> _REQUIRED WORK_: Return each line exactly, from the one that has "Fiskars FF leivontakulho 2,5 l" through the end of the entries, both ends included. Pictures do not belong.

GIVEN RECORDS START

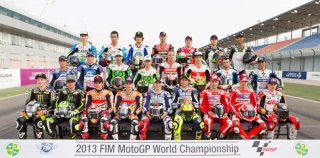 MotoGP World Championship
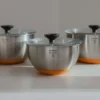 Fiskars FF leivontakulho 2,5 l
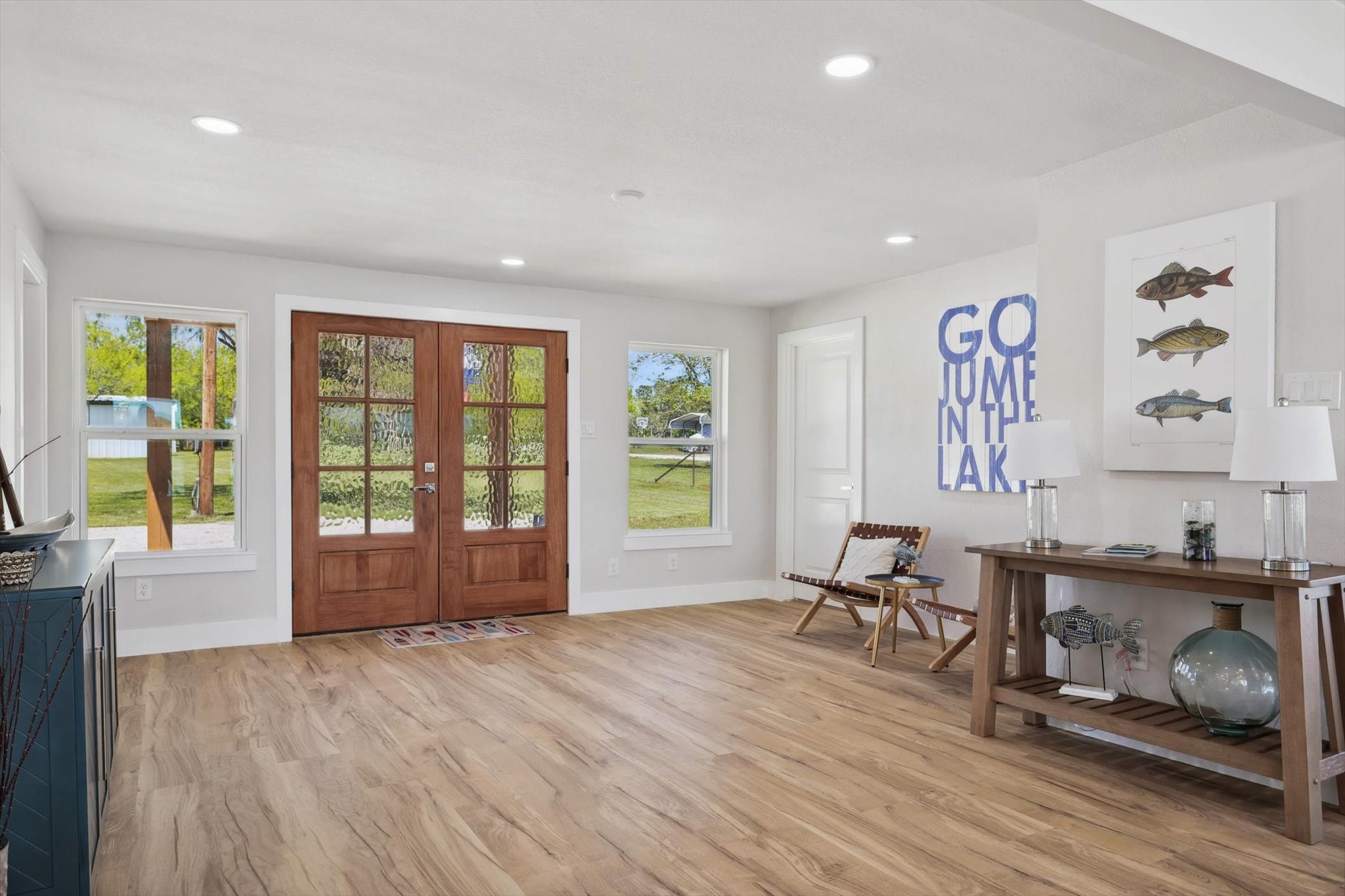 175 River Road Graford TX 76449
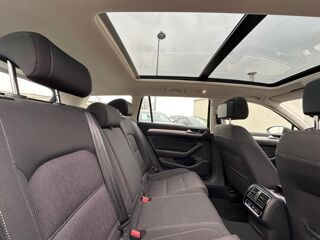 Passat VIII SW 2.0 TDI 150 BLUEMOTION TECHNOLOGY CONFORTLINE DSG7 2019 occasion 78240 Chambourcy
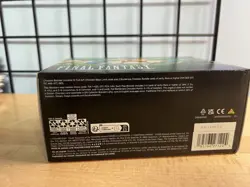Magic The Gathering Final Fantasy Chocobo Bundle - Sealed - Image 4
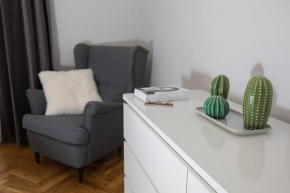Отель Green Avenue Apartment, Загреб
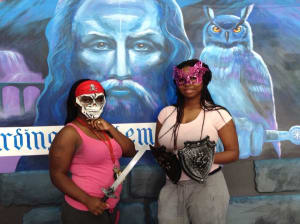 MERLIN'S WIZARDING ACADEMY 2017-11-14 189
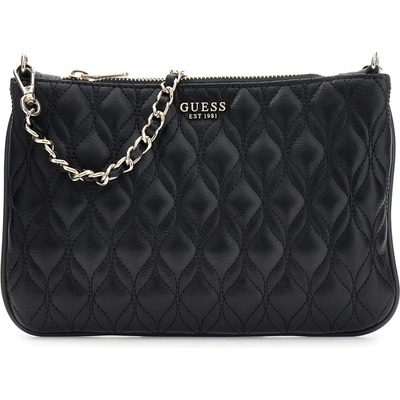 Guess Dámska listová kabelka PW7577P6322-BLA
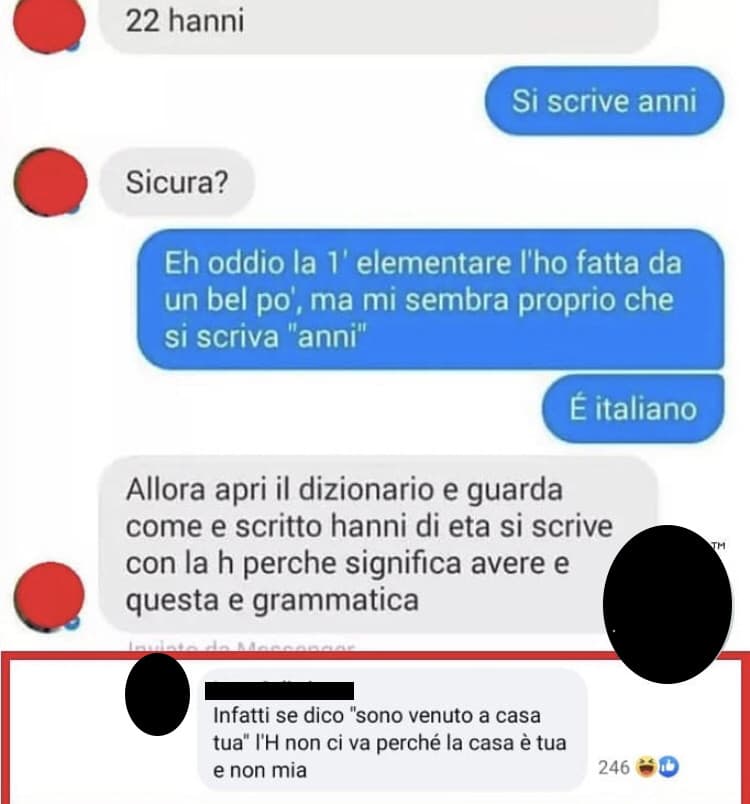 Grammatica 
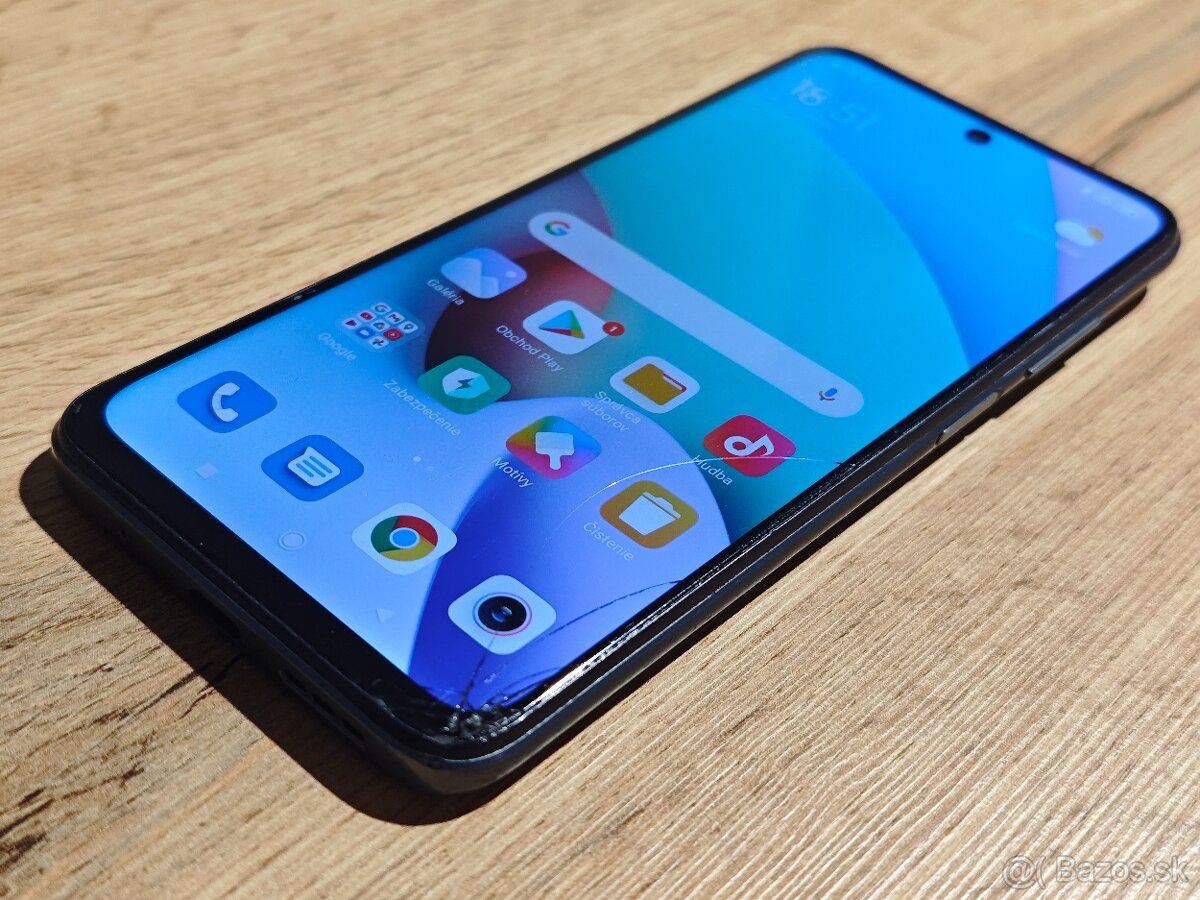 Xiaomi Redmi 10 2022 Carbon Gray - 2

GIVEN RECORDS END

> _TASK OUTPUT_:
 Fiskars FF leivontakulho 2,5 l
 175 River Road Graford TX 76449
 Passat VIII SW 2.0 TDI 150 BLUEMOTION TECHNOLOGY CONFORTLINE DSG7 2019 occasion 78240 Chambourcy
Magic The Gathering Final Fantasy Chocobo Bundle - Sealed - Image 4
Отель Green Avenue Apartment, Загреб
 MERLIN'S WIZARDING ACADEMY 2017-11-14 189
 Guess Dámska listová kabelka PW7577P6322-BLA
 Grammatica 
 Xiaomi Redmi 10 2022 Carbon Gray - 2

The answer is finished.